- _Problem requirements_: Retype each record below word for word. Leave the pictures out.

----------------------------------------

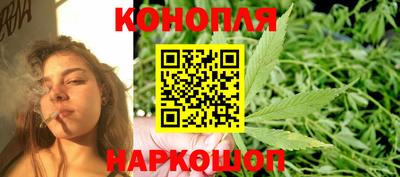 спайс Усть-Джегута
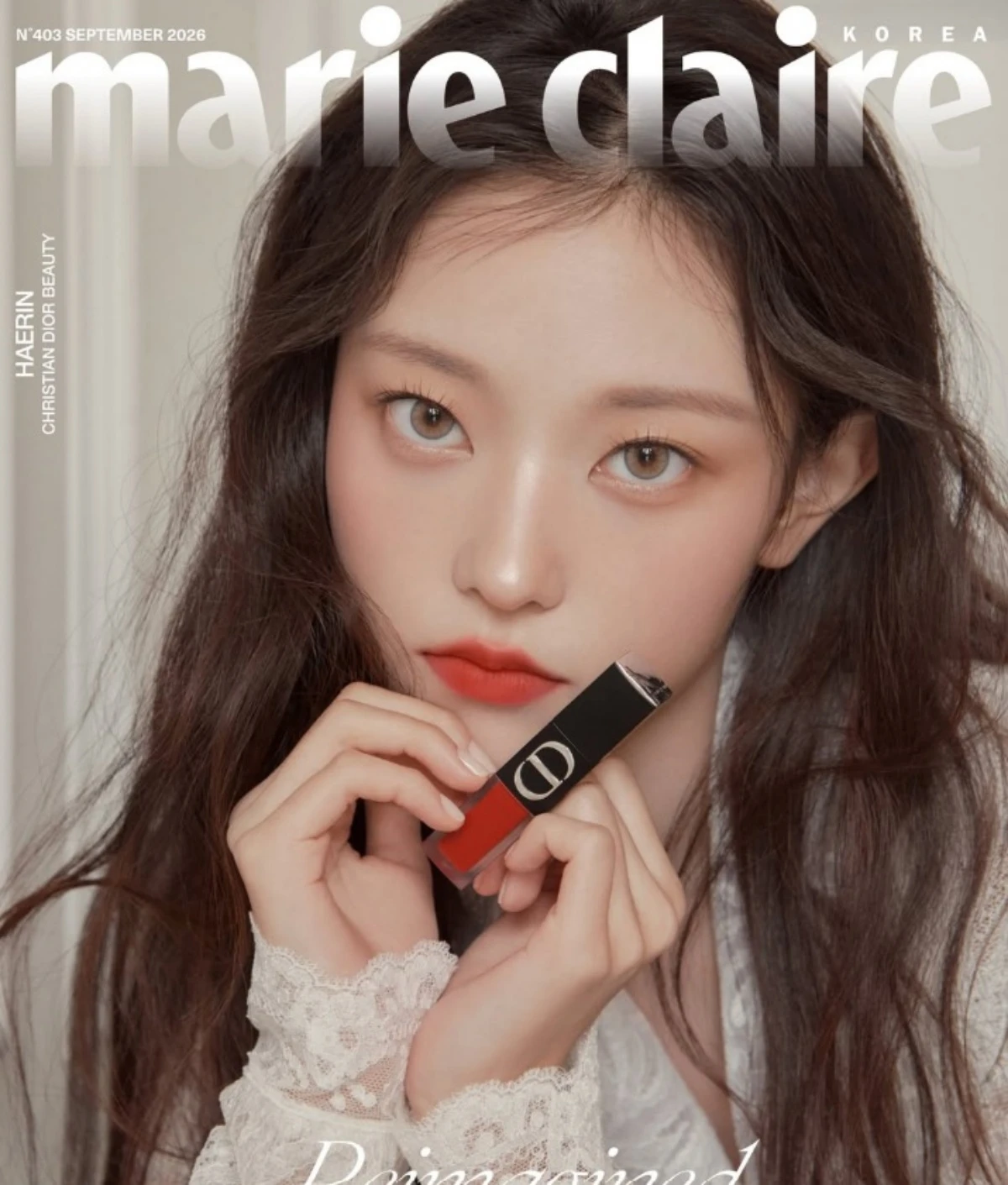 해린.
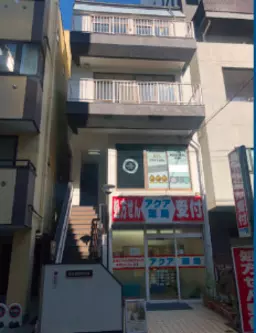 新丸子駅 徒歩2分 現況:その他 その他居抜きなど物件 【飲食不可】外観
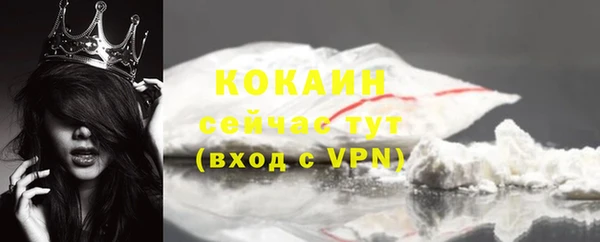 марихуана Вязьма
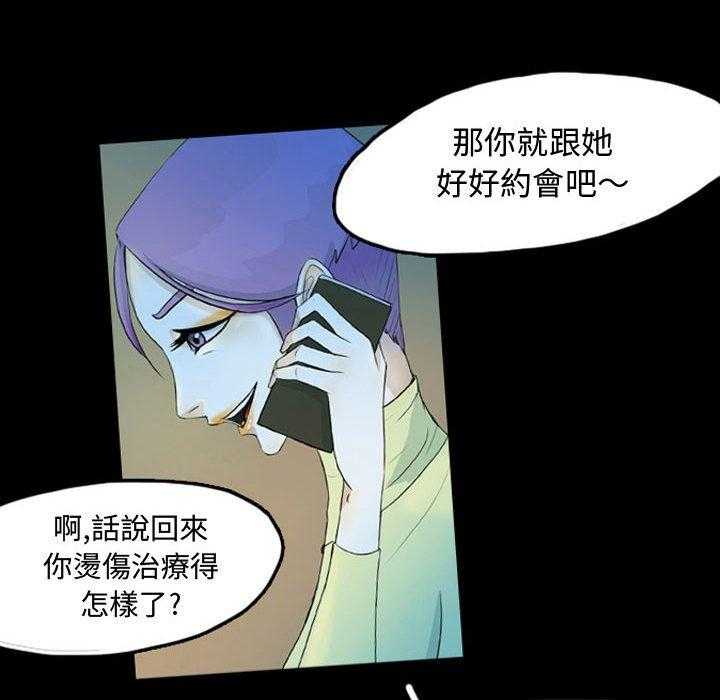 《梦魇》漫画最新章节第62话 交友APP（5）免费下拉式在线观看章节第【4】张图片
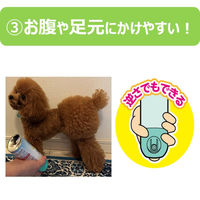 わんテクト 犬猫用 フローラルの香り 200ml アース・ペット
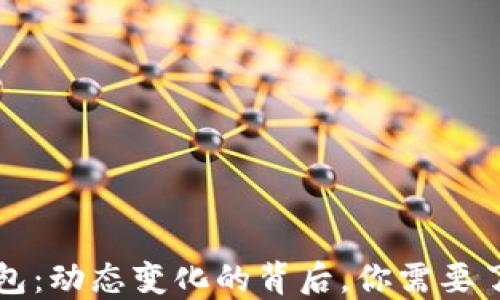 
比特币钱包：动态变化的背后，你需要了解的一切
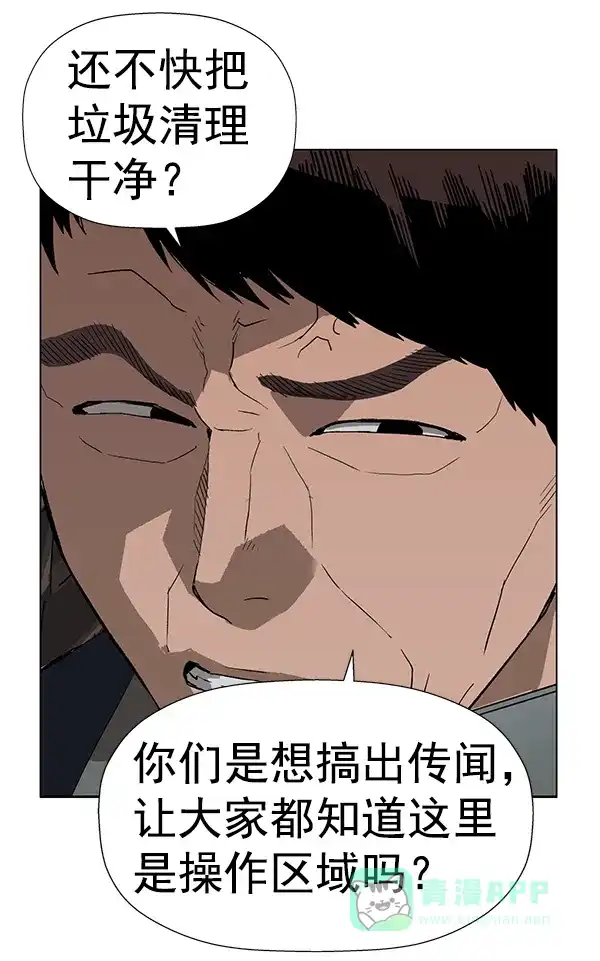 英雄联萌（弱小英雄） 第184话 第9页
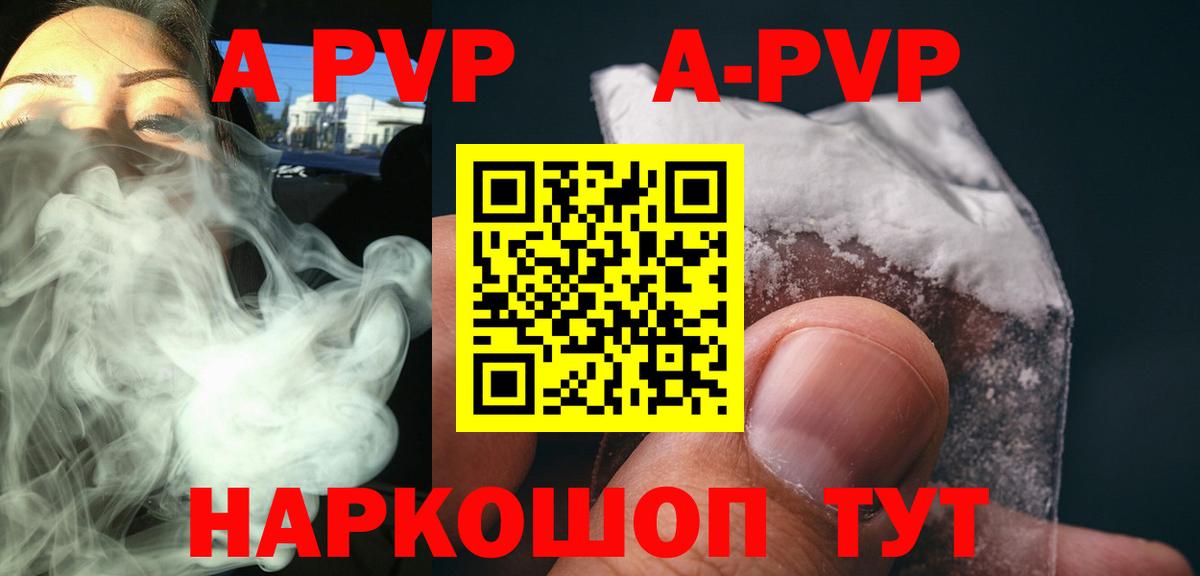 хочу наркоту  APVP СК КРИС  A-PVP  A PVP СК КРИС  Вход с VPN  Старый Оскол  Альфа ПВП крисы CK 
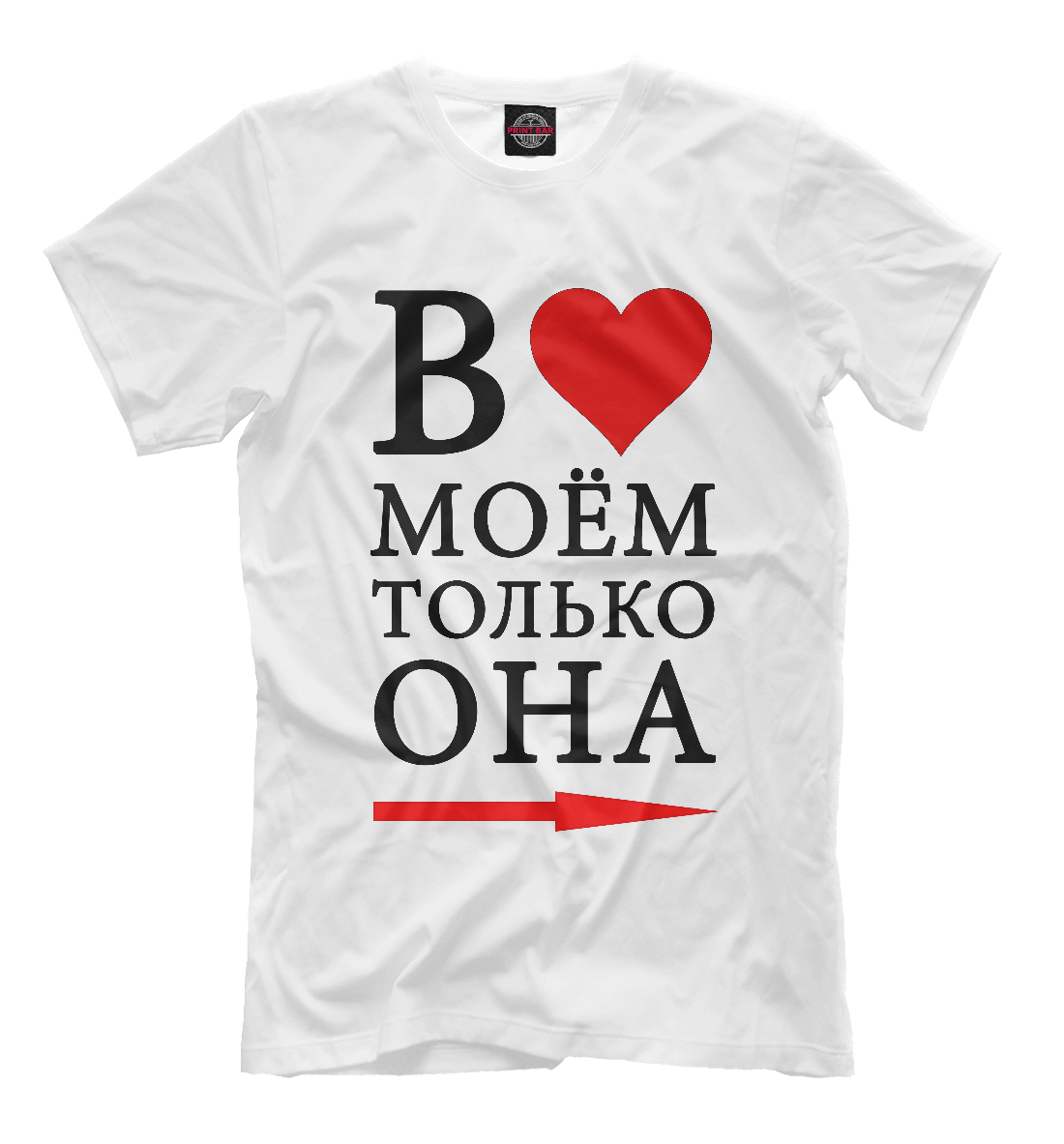 

В сердце моём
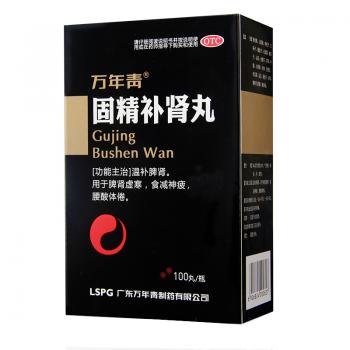 固精補(bǔ)腎丸(萬(wàn)年青)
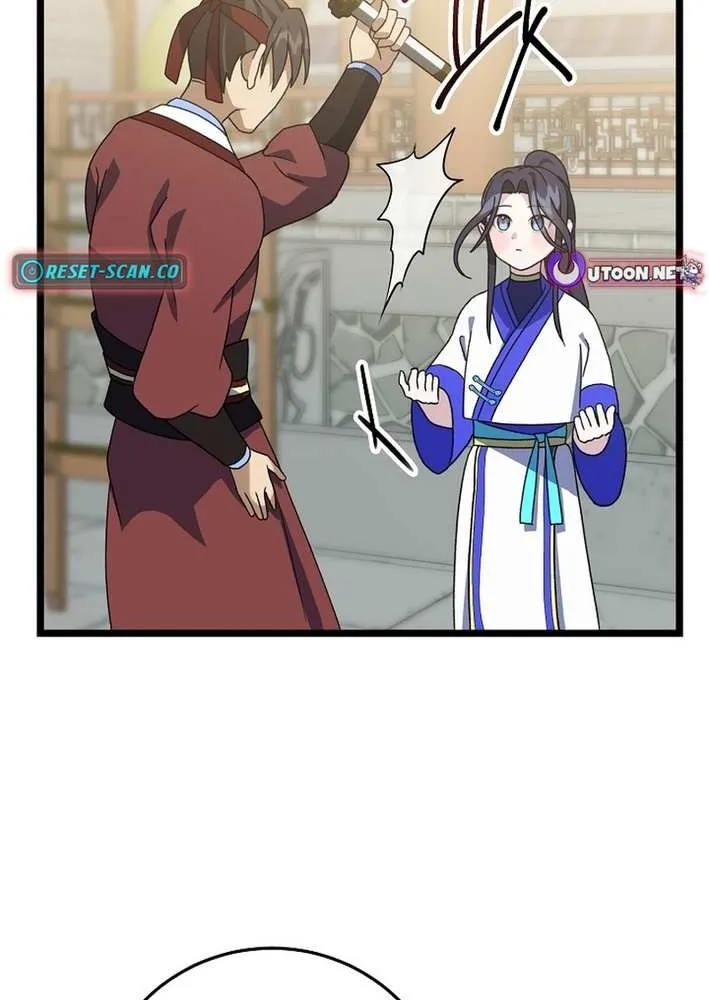 The Return of the Namgung Clan’s Granddaughter Chapter 7 page 50 - 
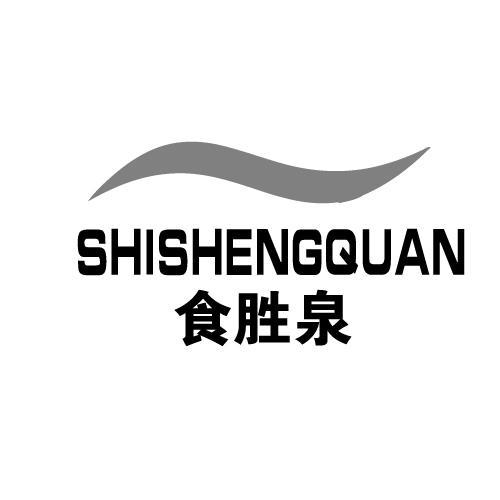 30商标转让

----------------------------------------

- _Output for this task_:
 спайс Усть-Джегута
 해린.
 新丸子駅 徒歩2分 現況:その他 その他居抜きなど物件 【飲食不可】外観
 марихуана Вязьма
 《梦魇》漫画最新章节第62话 交友APP（5）免费下拉式在线观看章节第【4】张图片
 わんテクト 犬猫用 フローラルの香り 200ml アース・ペット
比特币钱包：动态变化的背后，你需要了解的一切
 英雄联萌（弱小英雄） 第184话 第9页
 хочу наркоту  APVP СК КРИС  A-PVP  A PVP СК КРИС  Вход с VPN  Старый Оскол  Альфа ПВП крисы CK 

В сердце моём
 固精補(bǔ)腎丸(萬(wàn)年青)
 The Return of the Namgung Clan’s Granddaughter Chapter 7 page 50 - 
 30商标转让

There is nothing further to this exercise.